**EXERCISE BRIEF:**
The output should consist solely of the lines running from the one that contains "怡宝 饮用水 纯净水2.08L*8瓶 量贩装" through the end of the records below, copied exactly.

****************************************

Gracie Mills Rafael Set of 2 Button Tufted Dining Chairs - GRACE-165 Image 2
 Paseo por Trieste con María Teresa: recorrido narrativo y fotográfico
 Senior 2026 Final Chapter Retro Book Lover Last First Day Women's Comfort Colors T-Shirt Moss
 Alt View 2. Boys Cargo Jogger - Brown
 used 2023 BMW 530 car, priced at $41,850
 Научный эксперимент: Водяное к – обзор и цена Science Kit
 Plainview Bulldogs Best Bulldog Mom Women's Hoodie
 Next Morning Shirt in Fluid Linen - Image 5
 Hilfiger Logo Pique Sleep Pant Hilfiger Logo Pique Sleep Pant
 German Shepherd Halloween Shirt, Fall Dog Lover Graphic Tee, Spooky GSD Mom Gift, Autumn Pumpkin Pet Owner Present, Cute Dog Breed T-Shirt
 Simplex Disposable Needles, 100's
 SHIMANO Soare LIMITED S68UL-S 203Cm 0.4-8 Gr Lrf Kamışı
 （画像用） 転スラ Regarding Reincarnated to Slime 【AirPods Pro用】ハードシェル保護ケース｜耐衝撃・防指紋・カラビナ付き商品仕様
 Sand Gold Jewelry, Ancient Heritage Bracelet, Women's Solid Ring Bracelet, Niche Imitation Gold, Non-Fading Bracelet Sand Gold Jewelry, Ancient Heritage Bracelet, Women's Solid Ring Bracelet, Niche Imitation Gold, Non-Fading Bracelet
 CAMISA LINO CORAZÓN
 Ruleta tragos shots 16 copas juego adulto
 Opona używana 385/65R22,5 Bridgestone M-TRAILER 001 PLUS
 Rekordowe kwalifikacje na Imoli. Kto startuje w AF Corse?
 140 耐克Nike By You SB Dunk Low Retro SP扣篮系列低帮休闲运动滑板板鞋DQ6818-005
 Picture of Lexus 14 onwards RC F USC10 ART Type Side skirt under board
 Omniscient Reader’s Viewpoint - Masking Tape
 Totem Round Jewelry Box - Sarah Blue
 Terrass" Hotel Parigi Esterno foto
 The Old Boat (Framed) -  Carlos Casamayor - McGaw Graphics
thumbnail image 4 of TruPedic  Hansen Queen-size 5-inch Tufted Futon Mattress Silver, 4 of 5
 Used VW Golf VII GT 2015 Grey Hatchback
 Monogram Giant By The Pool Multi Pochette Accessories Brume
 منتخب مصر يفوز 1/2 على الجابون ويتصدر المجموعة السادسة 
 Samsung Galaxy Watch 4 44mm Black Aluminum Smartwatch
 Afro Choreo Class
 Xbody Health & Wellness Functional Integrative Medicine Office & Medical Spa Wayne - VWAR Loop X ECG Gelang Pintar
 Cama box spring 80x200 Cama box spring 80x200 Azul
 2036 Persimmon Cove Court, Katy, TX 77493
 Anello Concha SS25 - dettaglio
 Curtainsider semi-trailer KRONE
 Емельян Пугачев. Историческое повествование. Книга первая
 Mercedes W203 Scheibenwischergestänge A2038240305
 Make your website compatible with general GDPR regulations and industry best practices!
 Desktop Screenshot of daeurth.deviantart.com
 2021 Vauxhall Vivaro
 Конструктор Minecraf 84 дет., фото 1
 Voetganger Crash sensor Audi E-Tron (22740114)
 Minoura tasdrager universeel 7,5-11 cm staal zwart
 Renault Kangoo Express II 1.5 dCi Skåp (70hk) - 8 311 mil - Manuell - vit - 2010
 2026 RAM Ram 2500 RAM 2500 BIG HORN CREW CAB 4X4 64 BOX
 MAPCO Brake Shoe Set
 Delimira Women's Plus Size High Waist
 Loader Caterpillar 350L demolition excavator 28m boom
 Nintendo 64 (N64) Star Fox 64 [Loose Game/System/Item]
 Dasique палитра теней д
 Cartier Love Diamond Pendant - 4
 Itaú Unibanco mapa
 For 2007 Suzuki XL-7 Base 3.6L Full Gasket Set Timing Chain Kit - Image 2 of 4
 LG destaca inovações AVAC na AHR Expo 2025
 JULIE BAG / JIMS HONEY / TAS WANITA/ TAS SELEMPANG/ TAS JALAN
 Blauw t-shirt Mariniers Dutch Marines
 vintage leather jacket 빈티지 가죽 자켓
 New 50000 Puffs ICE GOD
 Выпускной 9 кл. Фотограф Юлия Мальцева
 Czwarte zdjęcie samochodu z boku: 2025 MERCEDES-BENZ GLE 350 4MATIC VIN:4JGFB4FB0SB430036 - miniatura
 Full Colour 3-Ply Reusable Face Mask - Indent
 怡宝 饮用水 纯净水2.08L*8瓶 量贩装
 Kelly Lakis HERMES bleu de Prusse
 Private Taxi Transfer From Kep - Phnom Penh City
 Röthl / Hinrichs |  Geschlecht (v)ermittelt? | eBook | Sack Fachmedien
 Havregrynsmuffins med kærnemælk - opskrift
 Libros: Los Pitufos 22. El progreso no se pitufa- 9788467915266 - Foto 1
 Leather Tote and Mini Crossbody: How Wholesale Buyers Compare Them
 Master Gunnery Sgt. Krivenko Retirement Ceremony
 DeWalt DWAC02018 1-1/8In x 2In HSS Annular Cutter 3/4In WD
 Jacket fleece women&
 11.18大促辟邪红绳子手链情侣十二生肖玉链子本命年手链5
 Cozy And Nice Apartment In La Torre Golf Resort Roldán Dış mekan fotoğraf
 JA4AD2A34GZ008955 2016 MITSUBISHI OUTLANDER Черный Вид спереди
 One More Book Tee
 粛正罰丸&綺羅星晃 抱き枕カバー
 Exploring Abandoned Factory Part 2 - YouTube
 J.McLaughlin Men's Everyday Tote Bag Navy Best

****************************************

**WRITTEN RESPONSE:**
 怡宝 饮用水 纯净水2.08L*8瓶 量贩装
 Kelly Lakis HERMES bleu de Prusse
 Private Taxi Transfer From Kep - Phnom Penh City
 Röthl / Hinrichs |  Geschlecht (v)ermittelt? | eBook | Sack Fachmedien
 Havregrynsmuffins med kærnemælk - opskrift
 Libros: Los Pitufos 22. El progreso no se pitufa- 9788467915266 - Foto 1
 Leather Tote and Mini Crossbody: How Wholesale Buyers Compare Them
 Master Gunnery Sgt. Krivenko Retirement Ceremony
 DeWalt DWAC02018 1-1/8In x 2In HSS Annular Cutter 3/4In WD
 Jacket fleece women&
 11.18大促辟邪红绳子手链情侣十二生肖玉链子本命年手链5
 Cozy And Nice Apartment In La Torre Golf Resort Roldán Dış mekan fotoğraf
 JA4AD2A34GZ008955 2016 MITSUBISHI OUTLANDER Черный Вид спереди
 One More Book Tee
 粛正罰丸&綺羅星晃 抱き枕カバー
 Exploring Abandoned Factory Part 2 - YouTube
 J.McLaughlin Men's Everyday Tote Bag Navy Best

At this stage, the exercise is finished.